Take the lines below from the one with "Montenmedio Golf & Country Club" through the one with "Greedy Possum thinks he owns the Water Hole!" and retype them exactly. Include nothing else, and no pictures.

- Provided entries -

▼

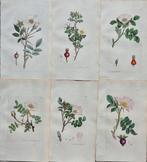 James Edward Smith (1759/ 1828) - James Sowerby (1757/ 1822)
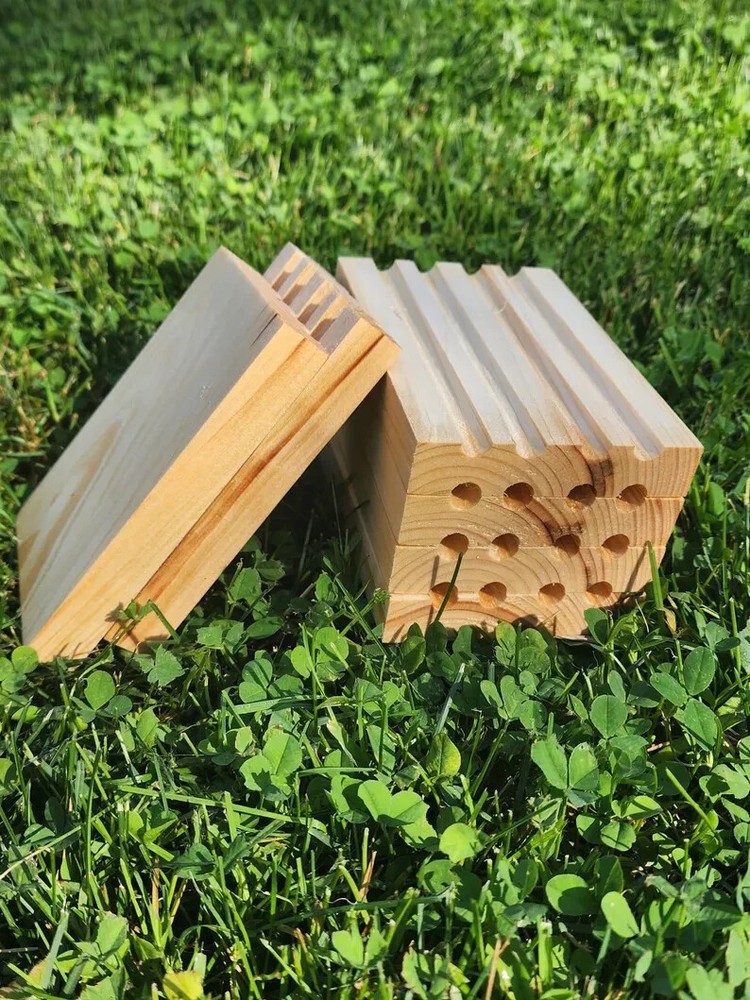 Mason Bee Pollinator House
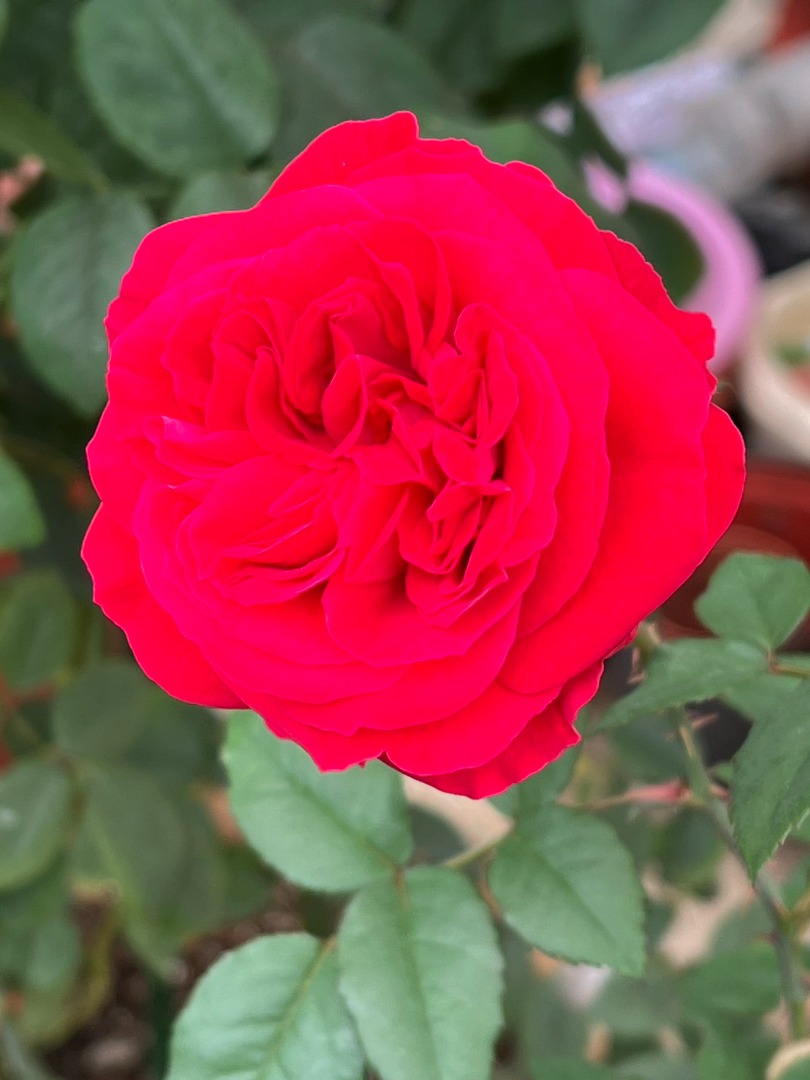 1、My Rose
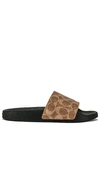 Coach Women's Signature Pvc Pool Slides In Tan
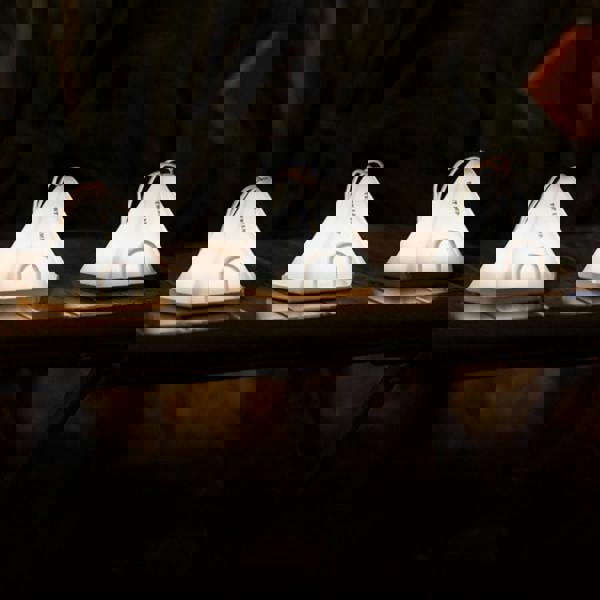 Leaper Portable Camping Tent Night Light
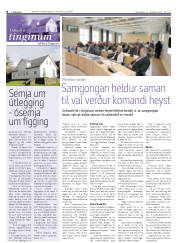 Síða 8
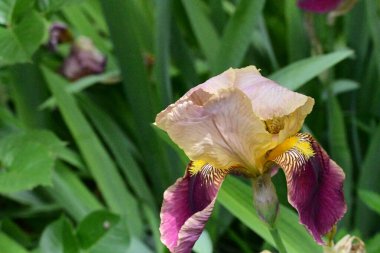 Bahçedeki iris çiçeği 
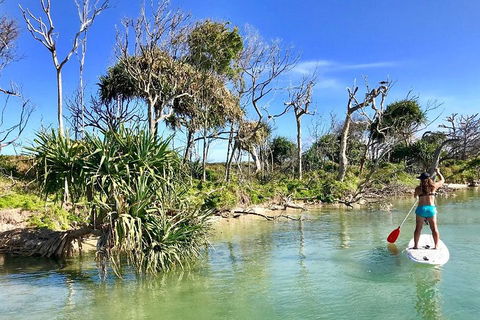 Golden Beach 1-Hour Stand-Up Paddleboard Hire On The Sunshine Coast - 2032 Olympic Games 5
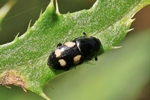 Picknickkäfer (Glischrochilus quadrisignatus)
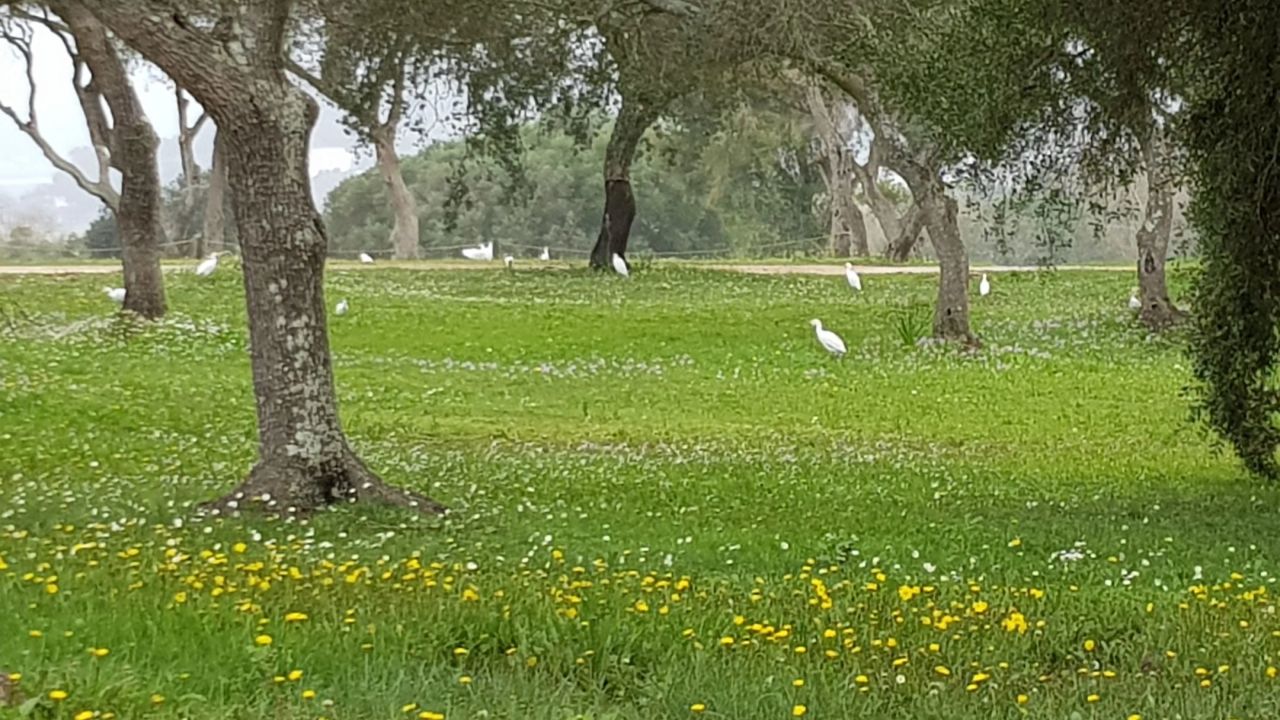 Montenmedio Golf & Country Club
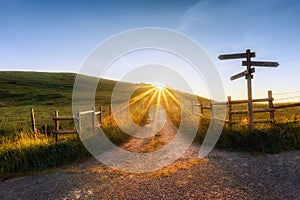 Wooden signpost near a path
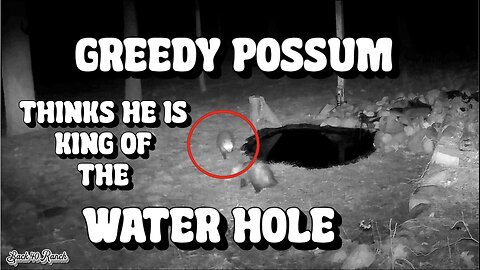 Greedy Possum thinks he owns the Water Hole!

▲
▼

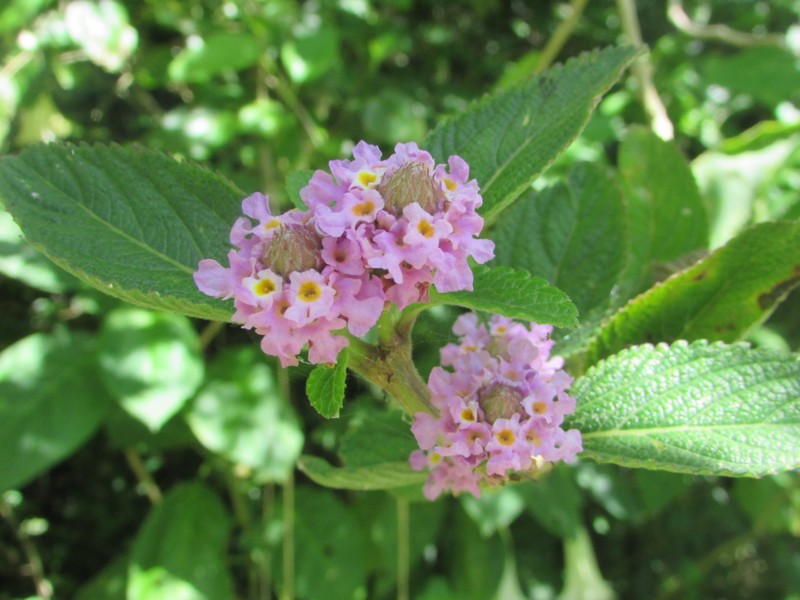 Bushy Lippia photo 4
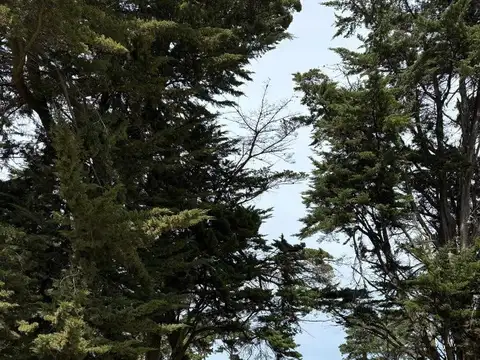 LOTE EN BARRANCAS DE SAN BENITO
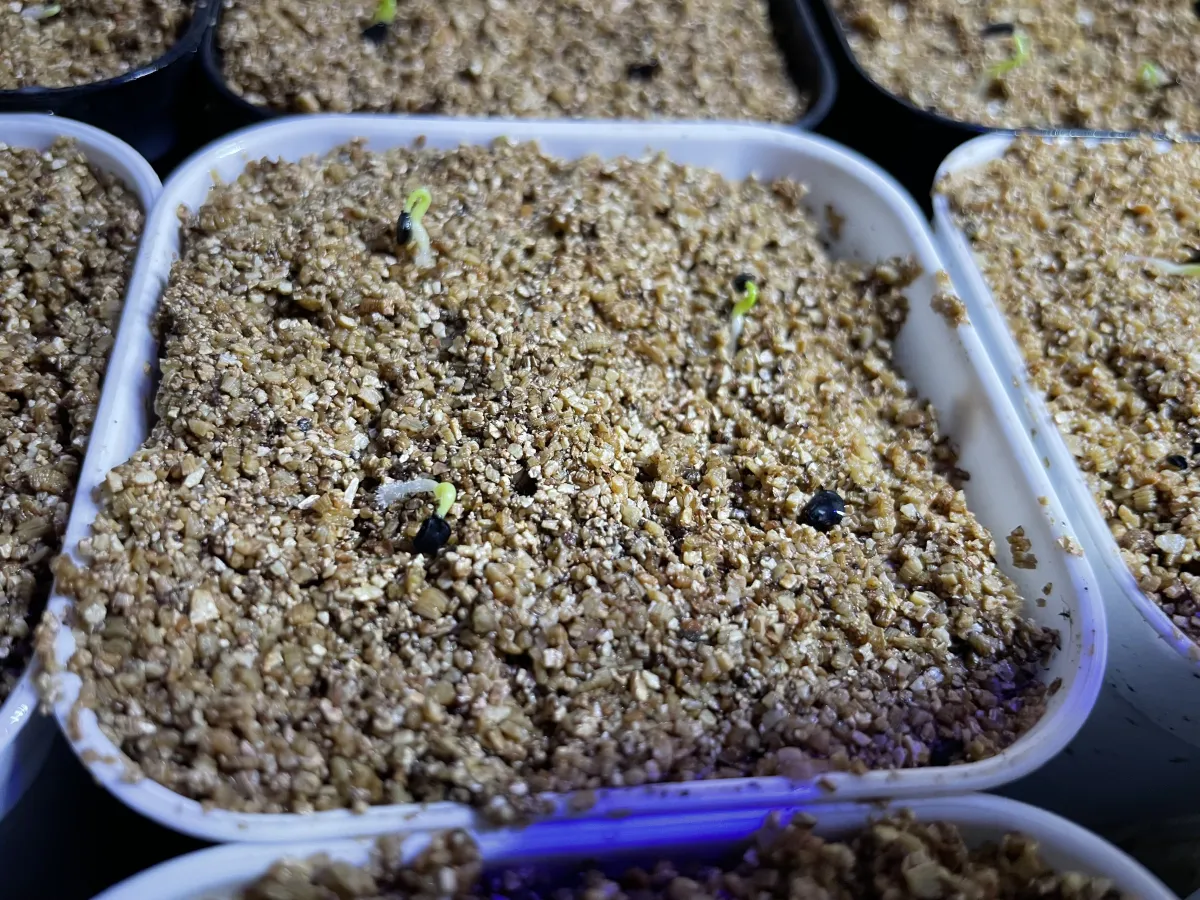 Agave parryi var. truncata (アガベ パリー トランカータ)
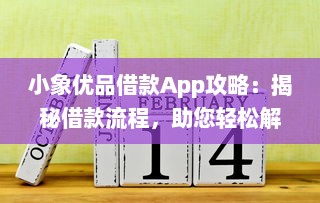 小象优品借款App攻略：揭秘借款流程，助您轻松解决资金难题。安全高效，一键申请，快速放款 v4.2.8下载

▲
▼

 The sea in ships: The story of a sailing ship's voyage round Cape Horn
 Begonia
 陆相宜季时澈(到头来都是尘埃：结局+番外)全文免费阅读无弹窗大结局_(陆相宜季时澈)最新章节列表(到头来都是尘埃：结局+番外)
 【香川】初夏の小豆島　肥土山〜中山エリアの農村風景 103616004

▲

- Solution -
 Montenmedio Golf & Country Club
 Wooden signpost near a path
 Greedy Possum thinks he owns the Water Hole!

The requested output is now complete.